Interned Italian doctors lead a protest to the Commander, Major Braybrook, who calls the prisoners together. Climbing onto a wooden box he addresses his audience. "It is not so bad here" he thunders "There are much worse conditions in other places." He emphasises his words with gesticulation of hands, arms, body and the prisoners watch his movements, his mouth opening and shutting, hear his voice hitting and bouncing off the mouldering walls and pitted floor. Suddenly, behind him a water-pipe bursts, knocking him from his perch and almost burying him under a weight of water!

This incident, and the lack of hygiene, reminds my father that in the shock of his arrest he has come away from 9 Wilton Road without a towel. Malachi Whittaker lives in Yorkshire, the neighbouring County, and so he writes to explain his predicament and to ask that she send him a towel. Malachi responds immediately, but held up by bureaucratic procedures, it is several months before the towel comes into my father’s hands!

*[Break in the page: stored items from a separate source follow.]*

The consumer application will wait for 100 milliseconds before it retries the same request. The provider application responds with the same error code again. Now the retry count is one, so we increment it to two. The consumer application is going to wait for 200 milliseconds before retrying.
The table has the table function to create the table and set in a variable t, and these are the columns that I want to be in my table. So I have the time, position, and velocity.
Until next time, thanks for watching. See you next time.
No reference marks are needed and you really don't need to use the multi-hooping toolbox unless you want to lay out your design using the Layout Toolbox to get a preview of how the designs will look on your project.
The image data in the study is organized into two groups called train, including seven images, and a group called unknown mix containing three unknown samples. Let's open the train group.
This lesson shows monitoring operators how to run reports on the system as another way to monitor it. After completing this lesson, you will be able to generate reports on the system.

My mother, my sister and I sit in a cell in Fortis Green Road police station. My mother sits slumped on a red shelf-like bench against the wall. Her face bleak. She is despairing for her life has once more been snatched away. There is nothing she can do. She must resign herself to being at the disposal of blind authority. We watch her crying, aware that we must soon leave her and in an attempt to make her happy, I begin to sing the Vera Lynn favourite: (52)

We’ll meet again,

Don’t know where, down’t know when,

But I know we’ll meet again,

Some sunny day,

Keep smiling through

Just as you always do,

Till the blue skies drive the darkness

far away.

Please say hallo to the folks that I know

Tell them I won’t be long,

They’ll be happy to know that as you saw me go,

I was singing this song....

My sister joins in and we tap dance in the confined space as if we are performing in a Hollywood film, or a latter half of the 20th century song and dance routine in a Dennis Potter play. My mother at last begins to smile and then to laugh. For a short while she has forgotten our parlous situatiion and sees only its.

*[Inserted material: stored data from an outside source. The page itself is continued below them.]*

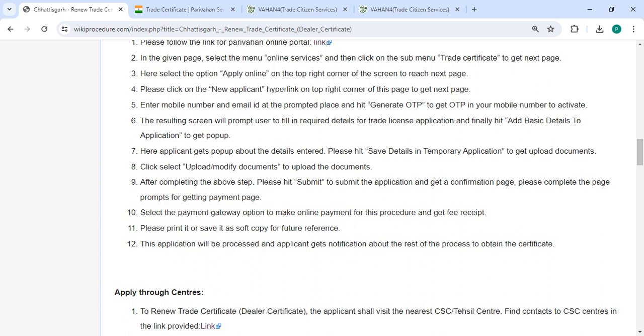Please hit save details in temporary application to upload documents. Then you can select upload or modify documents to upload the documents.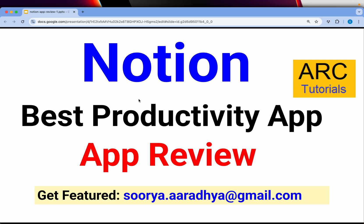Welcome back to ARK Tutorials. This is yet another app review session. In today's episode I'm going to review Notion app. Notion is one of the best productivity apps and organizer apps which can be used by an individual, small teams, and even an enterprise.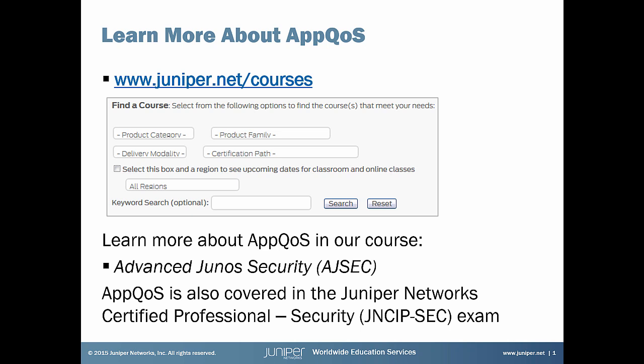If you're interested in learning more about AppQoS, be sure to check out our Advanced Junos Security Course. And AppQoS also shows up on our Juniper Networks Certified Professional Security Exam. So if you're pursuing a JNCIP-SEC, you'll want to know it.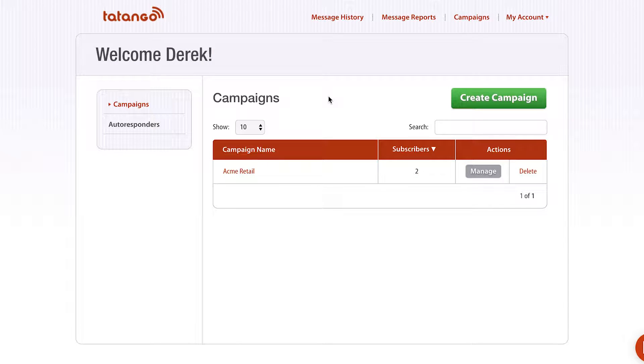Hi, Derek Johnson with tatango.com here. I'm gonna show you today how to send an MMS message en masse to your subscribers.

A policeman opens the cell door. The Shillans have been contacted. They are about to leave for Gloucestershire and we should join them immediately. A detective drives us to Hampstead Garden Suburb where we find Mr. and Mrs. Shillan waiting with two cars, a large Wolseley and a small Fiat. Now everything happens at breakneck speed, there is barely time for greetings or to effect introductions. Our luggage is placed into the boot of the Wolseley driven by Mr. Shillan and my sister and I climb into the back seat of the Fiat. Mrs. Shillan drives, her maid Dorothy sitting next to her.

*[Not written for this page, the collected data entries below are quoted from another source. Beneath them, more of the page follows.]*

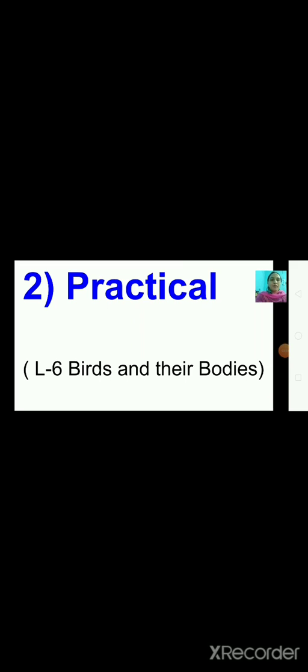Here I am going to draw five pictures, and based on those five pictures, questions will be asked. You have to write the answer for those five questions. Now let's see the first picture.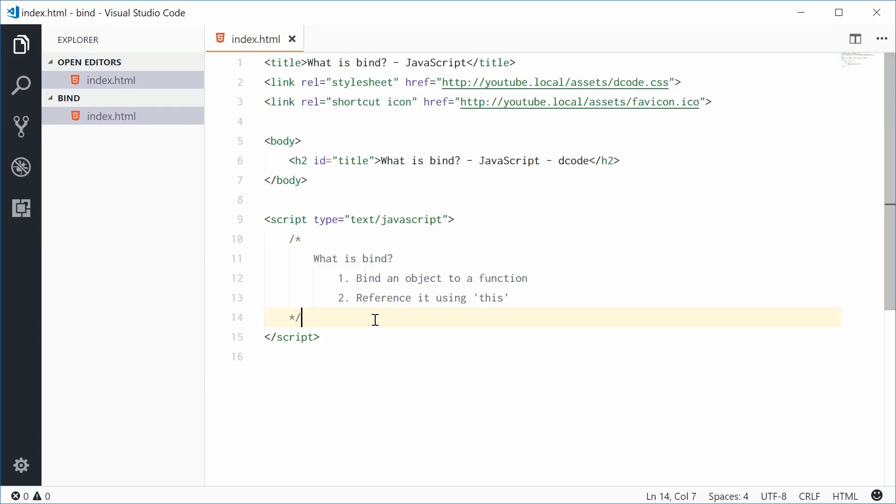Hey guys, how are you going? My name is Dom and today I want to explain the bind method within JavaScript.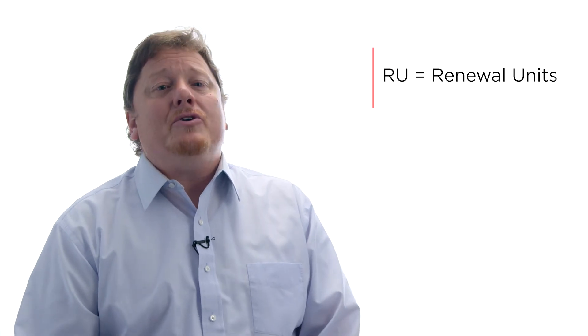Even better, this class is an AVIXA masterclass, so you can earn certification RUs. For any IT pros that might be watching, RU in this case refers to renewal units, not rack units. These RUs are continuing education credits that AV pros can use to maintain certain industry certifications. See? IT pros can learn things from AV pros as well.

By that time, my father has crossed on the boat to the Isle of Man and as he gazes over the side of the churning water, he remembers his crossing from Germany to England thirty-five years before. In fact, if anyone should ask him his age, he would reply "thirty-five" for he considers that he remained unborn until he settled in London. Then it was to escape the confinement of military conscription, now he crosses the water as a prisoner of the military. But, what worries him most is that he does not know what has happened to my mother or his daughters. He has heard that the women, including the wives of ‘enemy’ aliens are being interned, but whenever he makes enquiries from the Officer in charge, he receives the stock reply "you will be informed in due course." Tough measures are required and so once on the Island, my father declares a hunger strike. In my mind’s eye, I see my father lying out on the grass in front of the small boarding-houses requisitioned for an internment camp and surrounded by barbedwire. There he lies, stiff-faced, his teeth clenched, his limbs tense, refusing to reply to commands or entreaties from faceless authority which requires him to eat. But he could equally have declared this hunger strike while lying on his bed in one of the boarding-houses, or sitting in the dining-room and refusing to look at the food laid before him.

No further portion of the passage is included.